Since you have down links, the SM can't do anything about those.


On Wed, Oct 7, 2015 at 12:44 PM, German Anders <ganders at despegar.com<mailto:ganders at despegar.com>> wrote:
Anyone had any experience with HP BLc 4X QDR IB Switch?? I know that this kind of SW does not come with an embedded sm, but I don't know how to access any mgmt at all on this particularly switch, I mean for example to setup speed or anything like that, is possible to access through the chassis?

German

2015-10-07 13:19 GMT-03:00 German Anders <ganders at despegar.com<mailto:ganders at despegar.com>>:
I think so, but when trying to configured the phy-profile on the interface in order to negotiate on QDR it failed to map the profile:

GWIB01 [proxy-ha-group: master] (config) # show phy-profile high-speed-ber

  Profile: high-speed-ber
  --------
  llr support ib-speed
  SDR: disable
  DDR: disable
  QDR: disable
  FDR10: enable-request
  FDR: enable-request

GWIB01 [proxy-ha-group: master] (config) # show phy-profile hp-encl-isl

  Profile: hp-encl-isl
  --------
  llr support ib-speed
  SDR: disable
  DDR: disable
  QDR: enable
  FDR10: enable-request
  FDR: enable-request

GWIB01 [proxy-ha-group: master] (config) #
GWIB01 [proxy-ha-group: master] (config) # interface ib 1/9 phy-profile map hp-encl-isl
% Cannot map profile hp-encl-isl to port:  1/9

German

2015-10-07 13:17 GMT-03:00 Weiny, Ira <ira.weiny at intel.com<mailto:ira.weiny at intel.com>>:
The driver ‘qib’ is loading fine.  As can be seen by the ibstat output.  The ib_ipath is an older card.

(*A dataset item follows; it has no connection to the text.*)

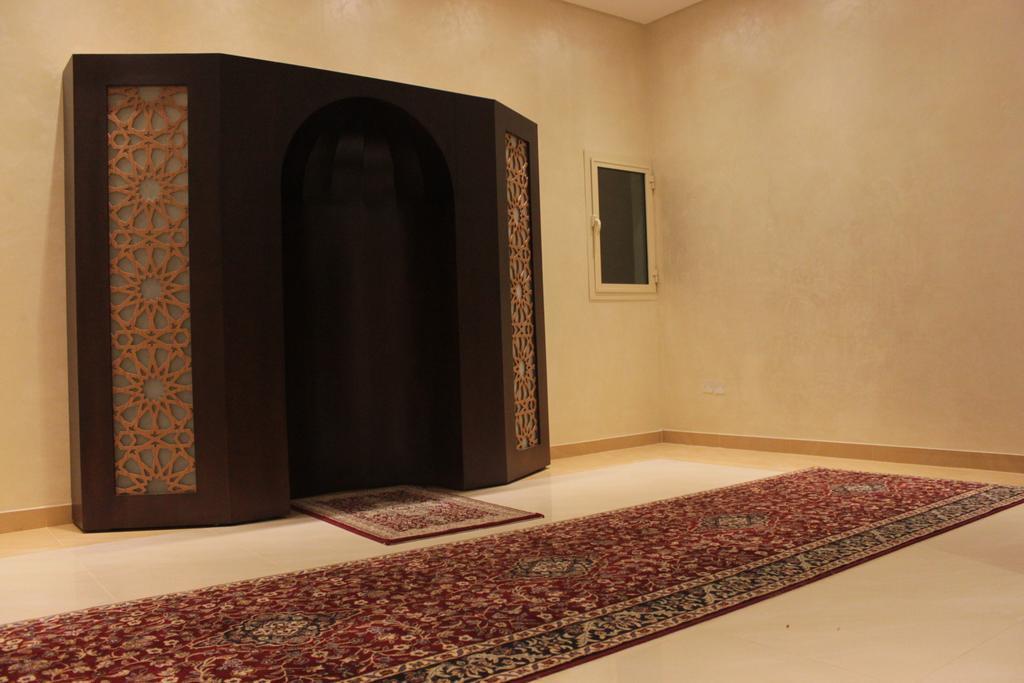 Mandarin Alshamal Hotel Apartments Рияд Екстериор снимка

The problem is the link is not coming up to init.  Like Hal said the link should transition to “link up” without the SMs involvement.

I think you are on to something with the fact that it seems like your switch ports are not configured to do QDR.

Ira


From: German Anders [mailto:ganders at despegar.com<mailto:ganders at despegar.com>]
Sent: Wednesday, October 07, 2015 9:05 AM
To: Weiny, Ira
Cc: Hal Rosenstock; users at lists.openfabrics.org<mailto:users at lists.openfabrics.org>

Subject: Re: [Users] IB topology config and polling state

Yes I've that file:

/usr/sbin/truescale-serdes.cmds
Also I've done the install of libipathverbs:
# apt-get install libipathverbs-dev
But I try to load the ib_ipath module but I'm getting the following error msg:

# modprobe ib_ipath
modprobe: ERROR: could not insert 'ib_ipath': Device or resource busy

German

2015-10-07 12:54 GMT-03:00 Weiny, Ira <ira.weiny at intel.com<mailto:ira.weiny at intel.com>>:
There are a few issues for routing in that diagram but the links should come up.

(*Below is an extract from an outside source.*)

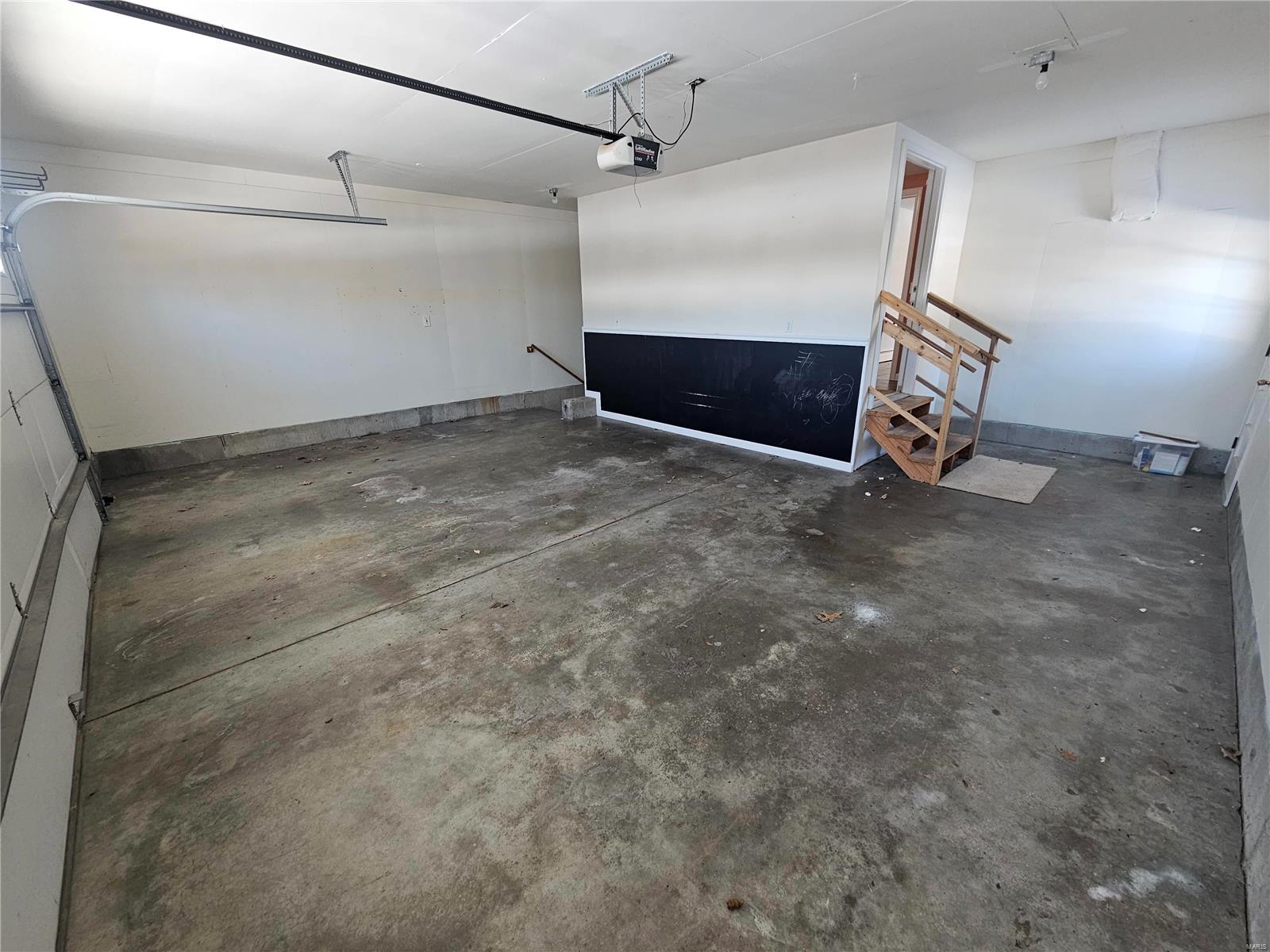 111 Linn Drive Property Photo 16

I assume there is some backplane between the blade servers and the switch in that chassis?

Have you gotten libipathverbs installed?

In ipathverbs there is a serdes tuning script.

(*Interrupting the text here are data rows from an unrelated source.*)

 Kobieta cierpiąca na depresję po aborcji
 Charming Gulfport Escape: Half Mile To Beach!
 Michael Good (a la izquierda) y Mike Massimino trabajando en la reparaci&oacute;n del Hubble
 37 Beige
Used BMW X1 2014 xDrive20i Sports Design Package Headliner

https://github.com/01org/libipathverbs/blob/master/truescale-serdes.cmds

Does your libipathverbs include that file?  If not try the latest from github.

Ira


From: users-bounces at lists.openfabrics.org<mailto:users-bounces at lists.openfabrics.org> [mailto:users-bounces at lists.openfabrics.org<mailto:users-bounces at lists.openfabrics.org>] On Behalf Of German Anders
Sent: Wednesday, October 07, 2015 8:41 AM
To: Hal Rosenstock
Cc: users at lists.openfabrics.org<mailto:users at lists.openfabrics.org>
Subject: Re: [Users] IB topology config and polling state

Hi Hal,
Thanks for the reply, I've attach a pdf with the diagram topology, I don't know if this is the best way to go or if there's another way to connect and setup the IB network, tips and suggestions will be very appreciated, also the mezzanine cards are already installed on the blade hosts:
# lspci
(...)
41:00.0 InfiniBand: QLogic Corp. IBA7322 QDR InfiniBand HCA (rev 02)

Thanks in advance,
Cheers,

German

2015-10-07 11:47 GMT-03:00 Hal Rosenstock <hal.rosenstock at gmail.com<mailto:hal.rosenstock at gmail.com>>:
Hi again German,

Looks like you made some progress from yesterday as the qib ports are now Polling rather than Disabled.

But since they are Down, do you have them cabled to a switch ? That should bring the links up and the port state will be Init. That is the "starting" point.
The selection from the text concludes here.